*What the task asks:* Retype the data below verbatim; pictures do not belong in the copy.

*Data supplied:*

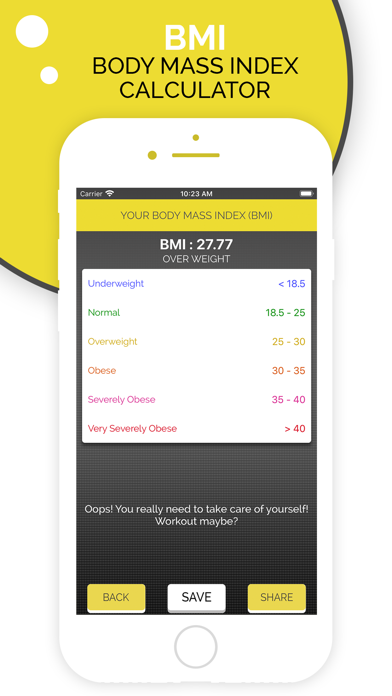 Calculate BMI(Body Mass Index) screenshot 4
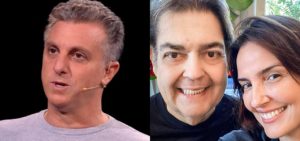 Luciano Huck, Faustão e Luciana Cardoso (Foto: Montagem/TV Foco)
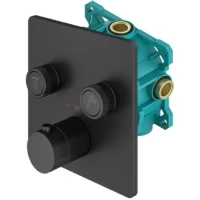 Термостат для ванны Plumberia Selection PSBOX KITPSB2902NO встраиваемый, черный матовый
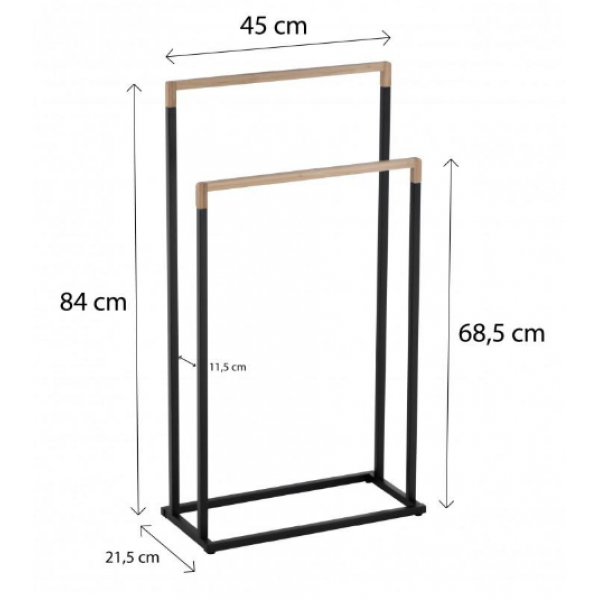 Вішалка для рушників YOKA ZOLA BLACK BAMBOO *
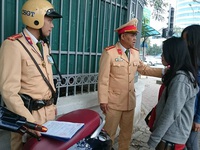 Cảnh sát 141 Hà Nội được trang bị camera siêu nhỏ có thể ghi hình hồng ngoại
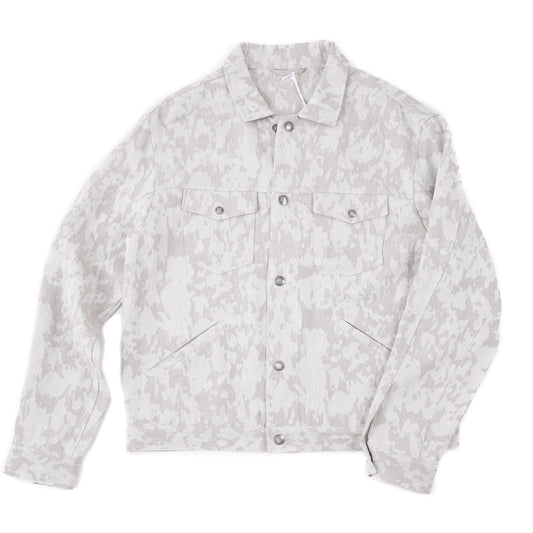 Manto 'Aragona' Linen Trucker Jacket - Top Shelf Apparel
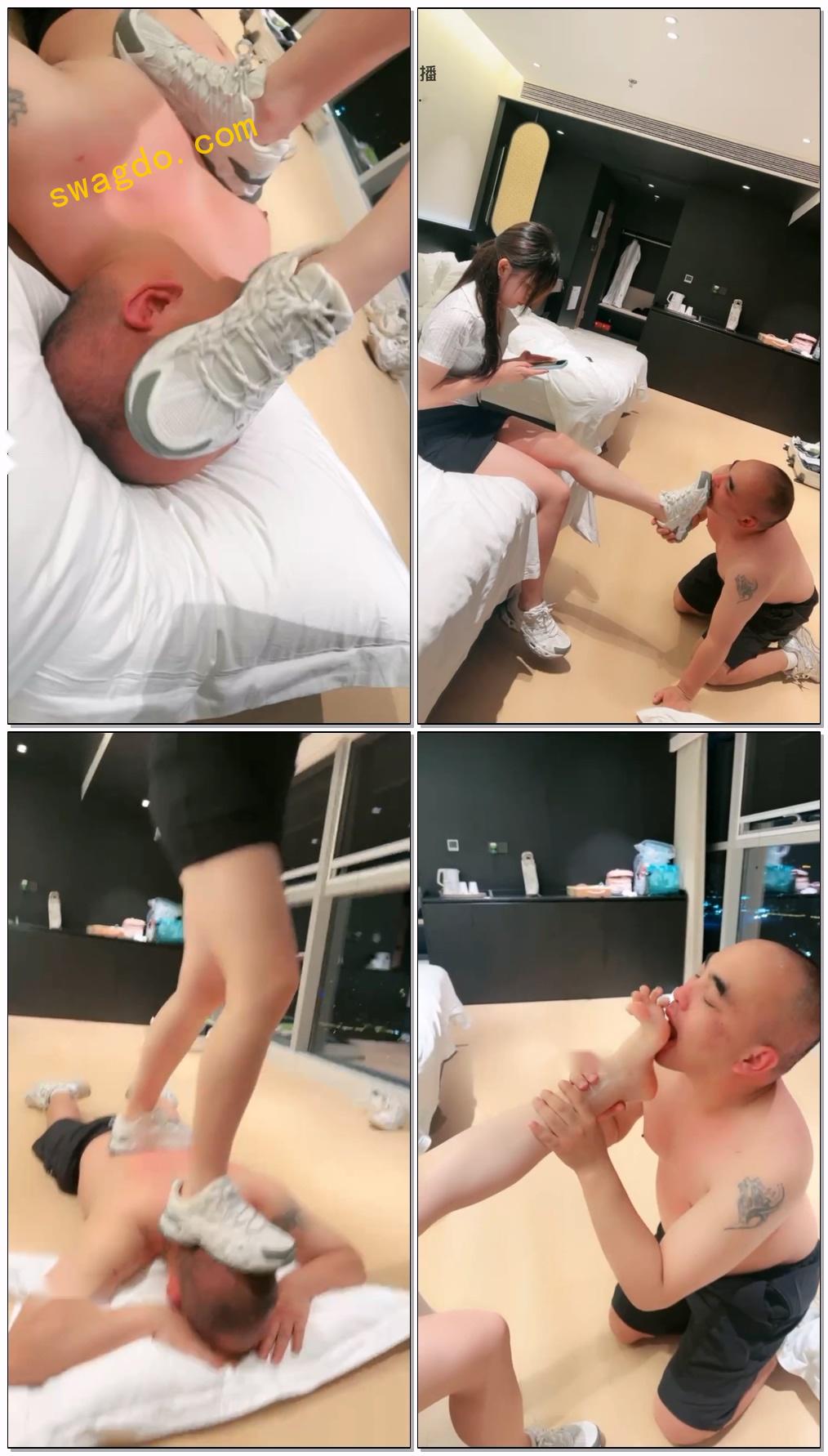 【西北傻子】素人学生暴力踩踏全程踩头踩脸，最后一泡圣水消毒太残忍了【31分钟】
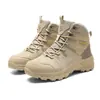 Zapatos nuevos para hombre, botas de trabajo para exteriores, botas de senderismo, otoño e invierno, caña alta, tallas grandes, resistentes al desgaste, antideslizantes, para deportes, senderismo, cross-country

*The completed task:*
 Calculate BMI(Body Mass Index) screenshot 4
 Luciano Huck, Faustão e Luciana Cardoso (Foto: Montagem/TV Foco)
 Термостат для ванны Plumberia Selection PSBOX KITPSB2902NO встраиваемый, черный матовый
 Вішалка для рушників YOKA ZOLA BLACK BAMBOO *
 Cảnh sát 141 Hà Nội được trang bị camera siêu nhỏ có thể ghi hình hồng ngoại
 Manto 'Aragona' Linen Trucker Jacket - Top Shelf Apparel
 【西北傻子】素人学生暴力踩踏全程踩头踩脸，最后一泡圣水消毒太残忍了【31分钟】
 Zapatos nuevos para hombre, botas de trabajo para exteriores, botas de senderismo, otoño e invierno, caña alta, tallas grandes, resistentes al desgaste, antideslizantes, para deportes, senderismo, cross-country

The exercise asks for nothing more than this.